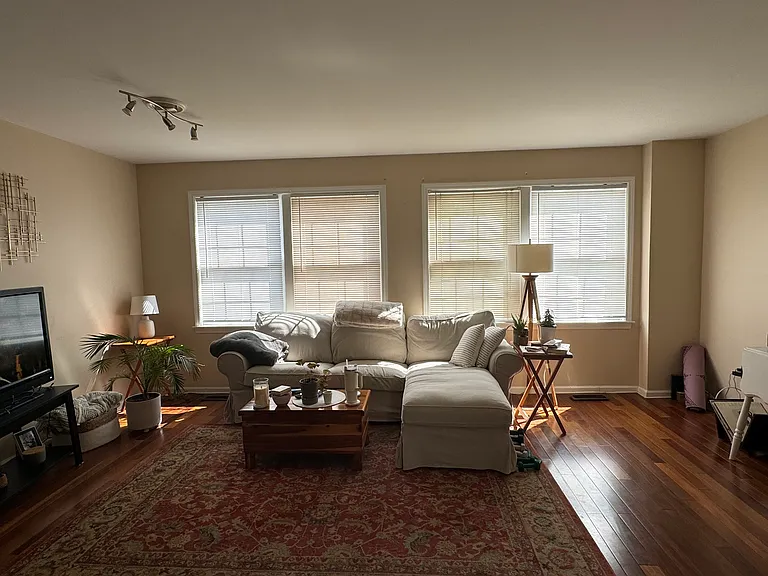 28 Woodbury Ave #4 — Photo 5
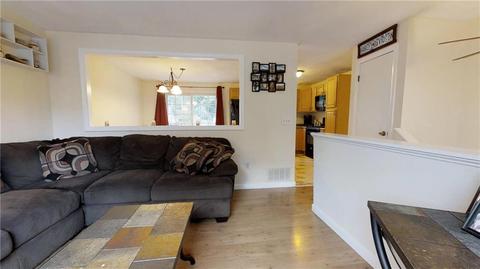 63 Comma St, Warwick, RI 02889 photo 9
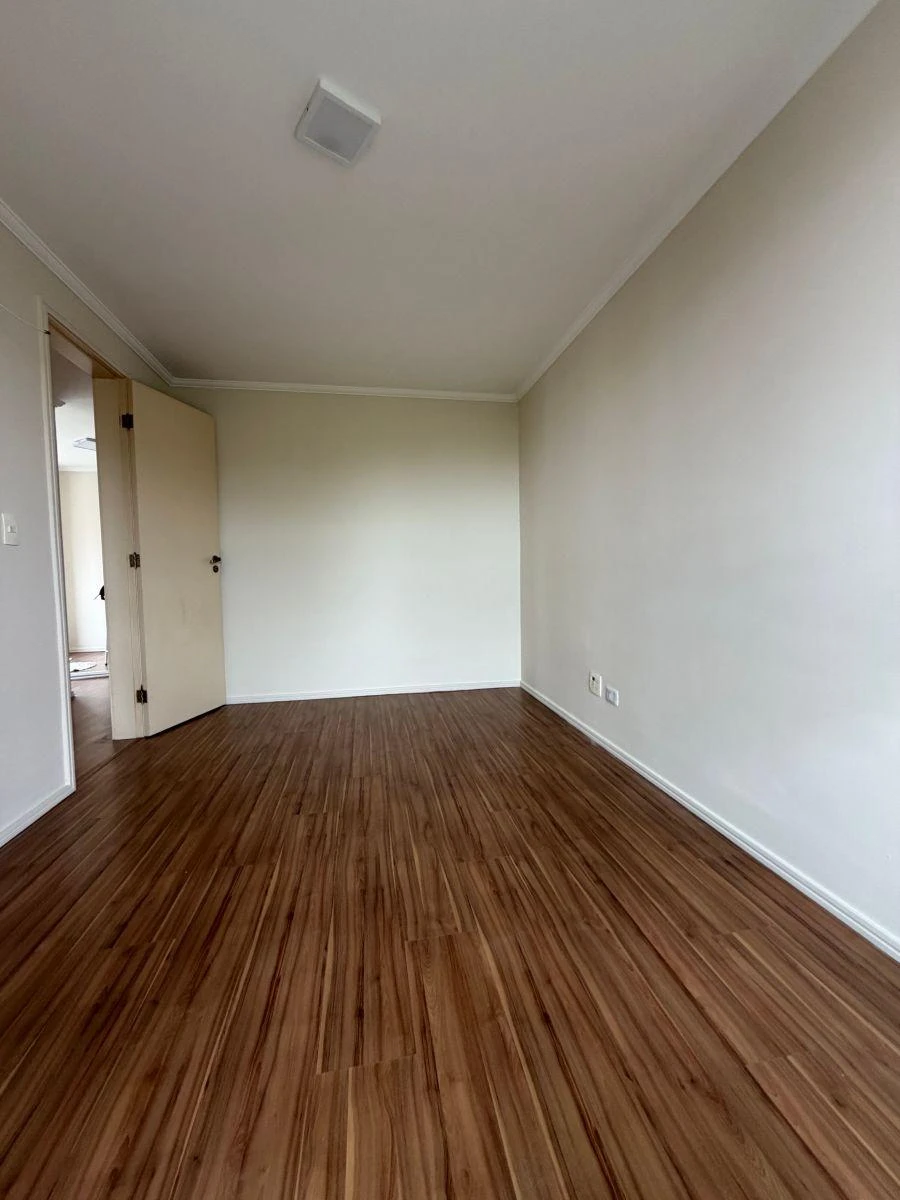 Departamento con piso de madera o laminado en Curitiba — photo 8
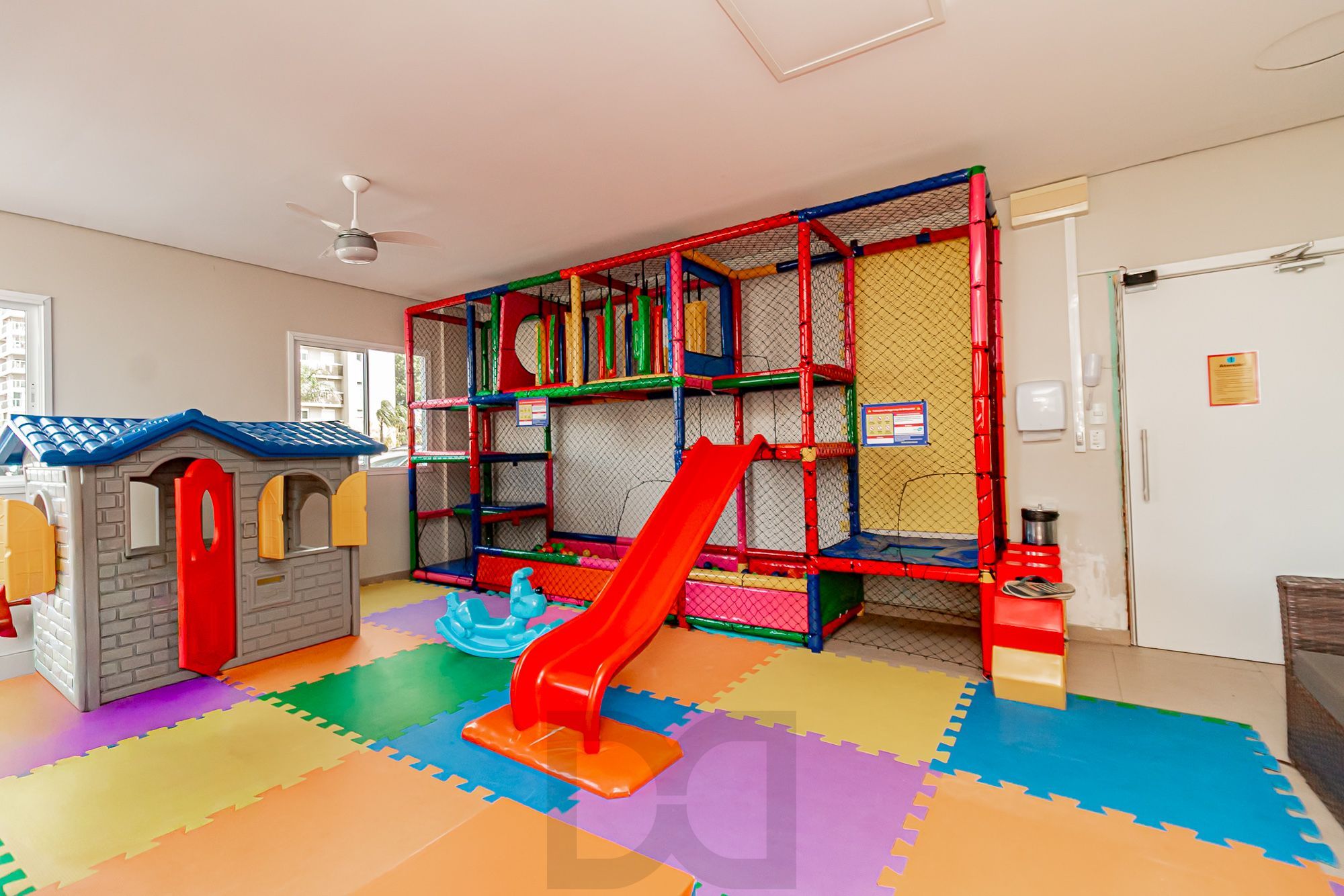 Apartamento 3 dormitórios, 2 banheiros, 1 vaga coberta e piscinas B. São Geraldo — foto 61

DIRECTIONS
Would you retype the listing above exactly, omitting its pictures?

SOLUTION BELOW
 28 Woodbury Ave #4 — Photo 5
 63 Comma St, Warwick, RI 02889 photo 9
 Departamento con piso de madera o laminado en Curitiba — photo 8
 Apartamento 3 dormitórios, 2 banheiros, 1 vaga coberta e piscinas B. São Geraldo — foto 61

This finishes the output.